B) Don't you think that if the staff has no problems utilizing staff bathrooms, they're "close enough" for pupils aswell? Or do we undergo a certain mutation of the bladder at the age of 25-30 that I am unaware of that allows "Adults" to hold it in for longer?


----------



## azure0wind (Nov 22, 2011)

i can't believe this, seriously. suspending from bathroom?


----------



## leic7 (Nov 23, 2011)

Foxi4 said:


> No, my whole argument is based on the *binary sex*, because humans as a species only has those two. Even if you count hermaphrodites, supermen or superwomen, all those cases ALWAYS lean towards one of the two.

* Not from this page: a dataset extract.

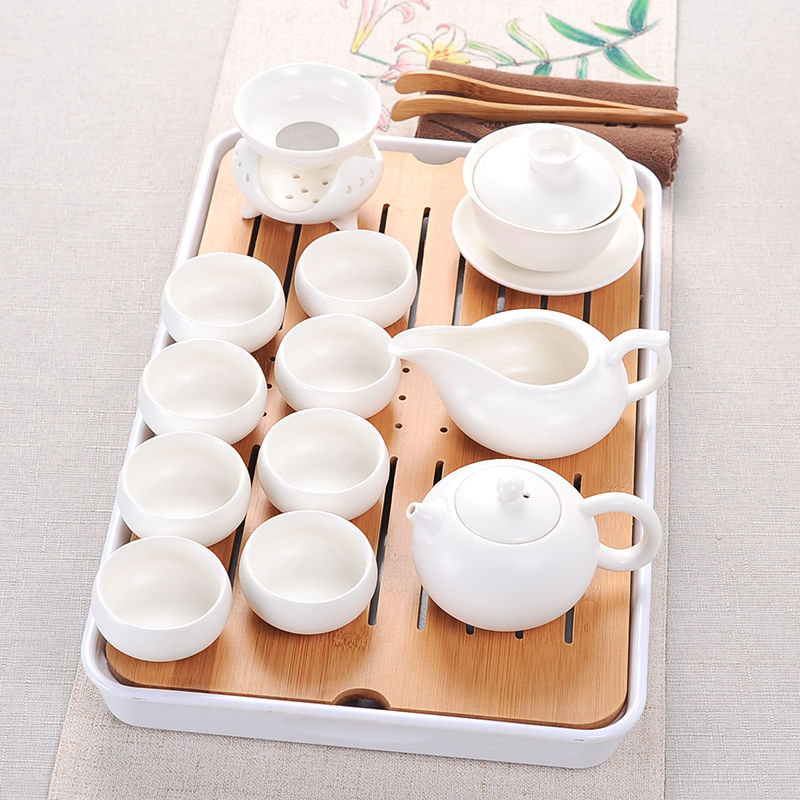 Kung fu tea sets domestic tea cup a visitor office ceramic cup tea tray was contracted and I sitting room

You are wrong. Whichever biology teacher that taught you that needs to be kicked. Not everyone conforms to the sexual dimorphism in biology, which can be traced back to the genetics level at the "X"/"Y"-chromosomes. You don't sound like you have a background in this field, yet you talk big. But if you'd at least taken a bio course at the high school level you should know that your last statement is false. Unless you're implying those who don't fit nicely in the binary sex system can be arbitrarily forced into either camp, in which case, I haven't heard anyone try doing that in the scientific community (yet).


----------



## Foxi4 (Nov 23, 2011)

leic7 said:


> Foxi4 said:
> 
> 
> > No, my whole argument is based on the *binary sex*, because humans as a species only has those two. Even if you count hermaphrodites, supermen or superwomen, all those cases ALWAYS lean towards one of the two.
> ...



Another canditate for the "I haven't read the entire thread, but I must scream" award this year.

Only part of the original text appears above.